Madam Justice Consuelo Scerri Herrera said that whatever Andrew Mangion told the police during questioning could prejudice the overall fairness of the proceedings.
This was despite the fact that the law at the time, five years ago, only allowed suspects to consult their lawyer for up to one hour before their interrogation and before the lawyer’s presence was made mandatory.
Mangion, 45, is facing a trial by jury, with a potential life sentence hanging over his head, for his alleged involvement in the murder of his estranged wife, Eleonor Mangion-Walker whose body was found by the police dumped under wooden pallets in a Qormi warehouse on July 3, 2016, following a tip-off.
Mangion turned himself in a few days after the murder amid a nationwide police manhunt launched following the discovery of the body.
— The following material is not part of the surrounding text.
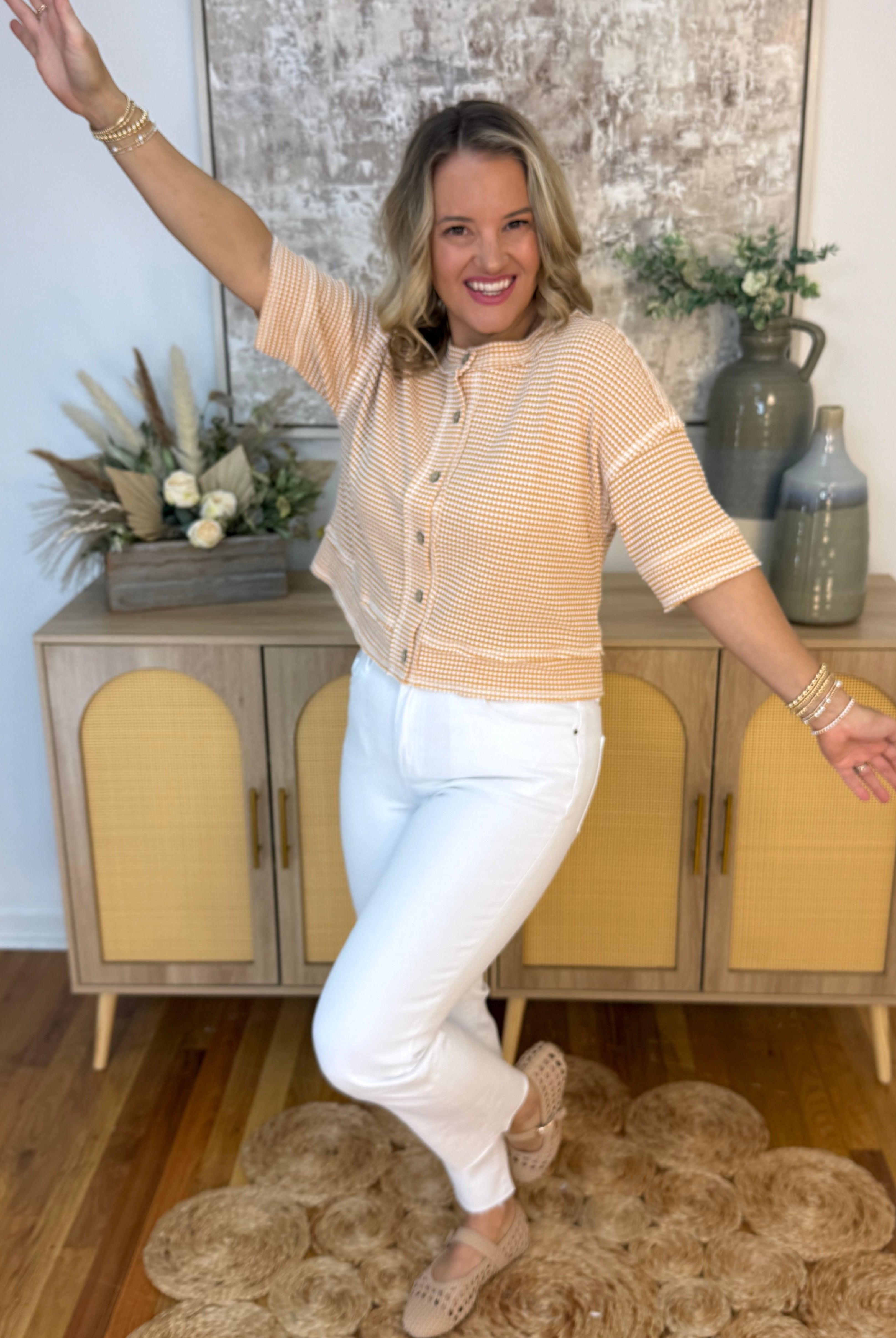 High Waist Cropped Straight - White-210 Jeans-zenana-The Lovely Closet, Women's Fashion Boutique in Alexandria, KY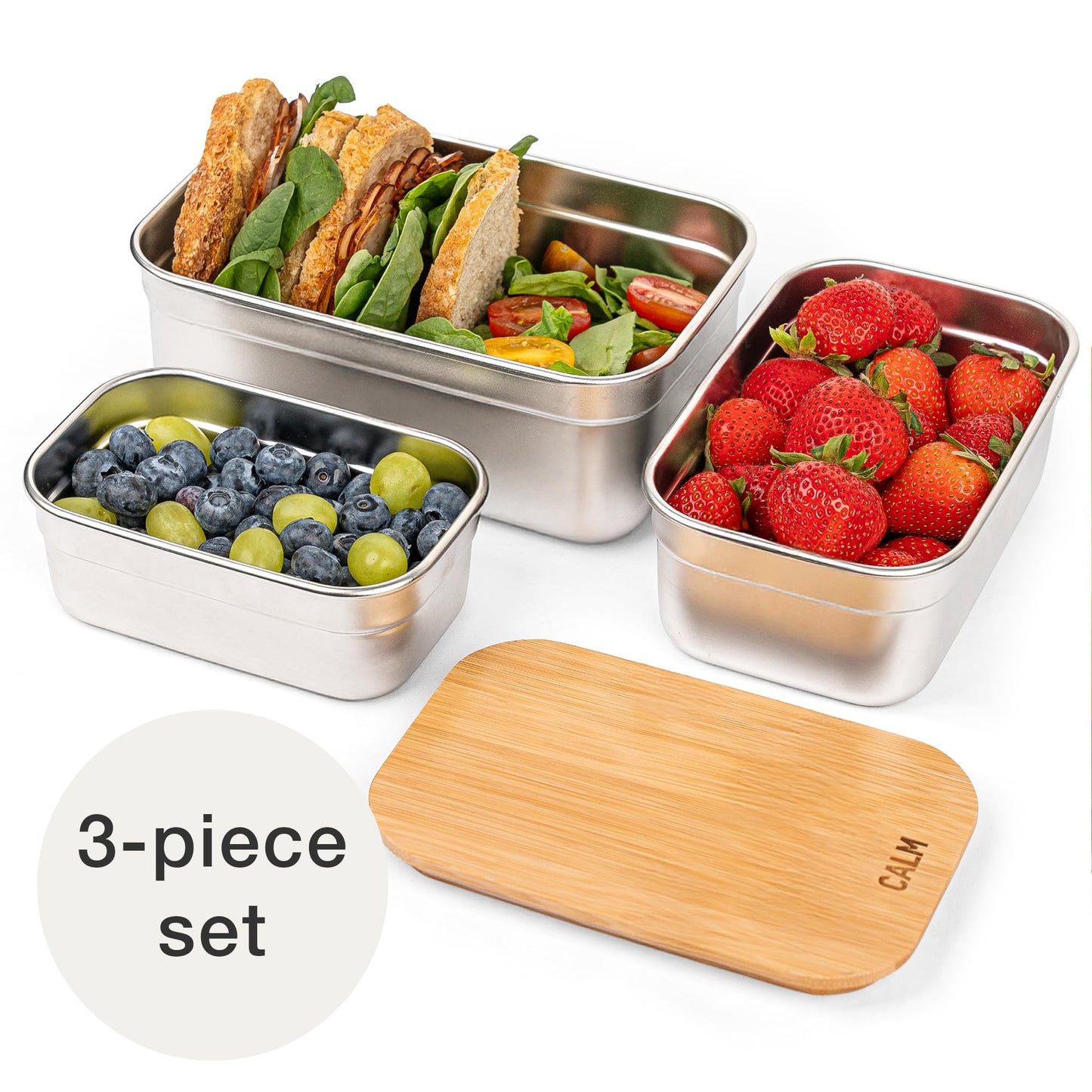 Calm Organics Stainless Steel Food Containers with Bamboo Cutting Board Lids | Set of 3 Reusable Meal Prep Boxes | Airtight Leak-Resistant | Dishwasher Safe | BPA-Free | 2, 4, 6 Cup Sizes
He stands charged with killing the mother of his young daughter.
'Statement inadmissible'
Madam Justice Scerri Herrera was ruling on preliminary pleas raised by the man’s lawyers.
She quoted a raft of jurisprudence in her near 100-page decision, including rulings by the European Court of Human Rights which observed that the concept of fairness enshrined in the European Convention requires that the accused be given the benefit of the assistance of a lawyer already at the initial stages of police interrogation.
In one such ruling, the court had said that "the lack of legal assistance during an applicant’s interrogation would constitute a restriction of his defence rights in the absence of compelling reasons that do not prejudice the overall fairness of the proceedings.”
The judge said that although this right was not part of Malta’s law at the time of Mangion’s arrest and interrogation, the court could not discard the fact that anything he could have said during the police questioning would render unfair the judicial process against him.
She said that despite the voluminous caselaw on this legal point, the court did not have “legal certainty” on this issue.
The judge noted that Mangion’s statement released to the police during his two interrogations on July 12 and 13, 2016, was “quite voluminous” and that although he is not admitting that he killed Mangion-Walker, there are several instances where he is incriminating himself.
“Therefore, when corroborated with other evidence, it can have a significant impact on the proceedings against the accused,” the judge observed.
“While in no way declaring that the statement released by the accused as detrimental to [his] rights, and in view of the fact that the courts to this day still give different directions as to [the admissibility] of a statement which has been taken in the absence of an advocate or legal procurator, the court [believes that] in the interests of justice and the integrity of the process, this statement, as well as any reference to it, shall be declared inadmissible,” the judge ruled.
She ordered the removal of both statements, their transcript and any reference to the statements from the acts of the proceedings, including testimonies given by other people during the course of the compilation of evidence against the accused.
According to media reports of the compilation of evidence, police superintendent Keith Arnaud told the court how Mangion claimed under interrogation that two armed men had grabbed his wife when she was leaving his Swieqi garage and murdered her before his very eyes.
He told police that the two men held both of them at gunpoint and claimed that one of the men got a plank of wood out of a shoulder bag and repeatedly bashed Mangion-Walker on the head with it.
He said he panicked once the two men fled as he feared he would be blamed for his wife’s murder.